Patronus AI trains Lynx hallucination detection model on Databricks Mosaic AI, outperforming GPT-4o
LLMs used in RAG applications produce hallucinations that expose users to misinformation; existing LLM-as-a-judge evaluators — including top-performing closed-source models like GPT-4 — frequently fail on complex reasoning tasks; and a significant performance gap exists between open-source and closed-source evaluation models due to lack of challenging domain-specific datasets.
Even top-performing closed-source models like GPT-4 used as LLM-as-a-judge evaluators frequently fail to accurately evaluate complex reasoning tasks, with additional concerns about quality, transparency, and cost of closed-source LLMs.
Lynx outperformed all existing LLM-as-a-judge evaluators on HaluBench, surpassing GPT-4o by almost 1% in accuracy across all tasks and showing a 7.5% difference in medical question-answering, and is the best-performing open-source model by a wide margin.
Frequently asked questions
What did this team achieve with this AI workflow?
Lynx outperformed all existing LLM-as-a-judge evaluators on HaluBench, surpassing GPT-4o by almost 1% in accuracy across all tasks and showing a 7.5% difference in medical question-answering, and is the best-performin…
What tools did this team use?
LLM Foundry, Composer, Databricks Model Training, Databricks Mosaic AI, Llama-3-70B-Instruct, HuggingFace, WandB.
What results were reported?
Lynx accuracy advantage over GPT-4o (all tasks): almost 1%; Lynx accuracy difference in medical question-answering: 7.5% (source-reported, not independently verified).

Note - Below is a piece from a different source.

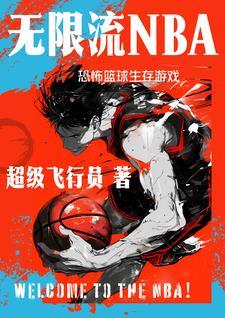 nba游戏玩法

What failed first in this deployment?
Even top-performing closed-source models like GPT-4 used as LLM-as-a-judge evaluators frequently fail to accurately evaluate complex reasoning tasks, with additional concerns about quality, transparency, and cost of c…
How is this quality assurance AI workflow structured?
Dataset construction via perturbation → Fine-tuning job configuration → Distributed GPU training run → Real-time training monitoring → HaluBench evaluation → Open-source model release.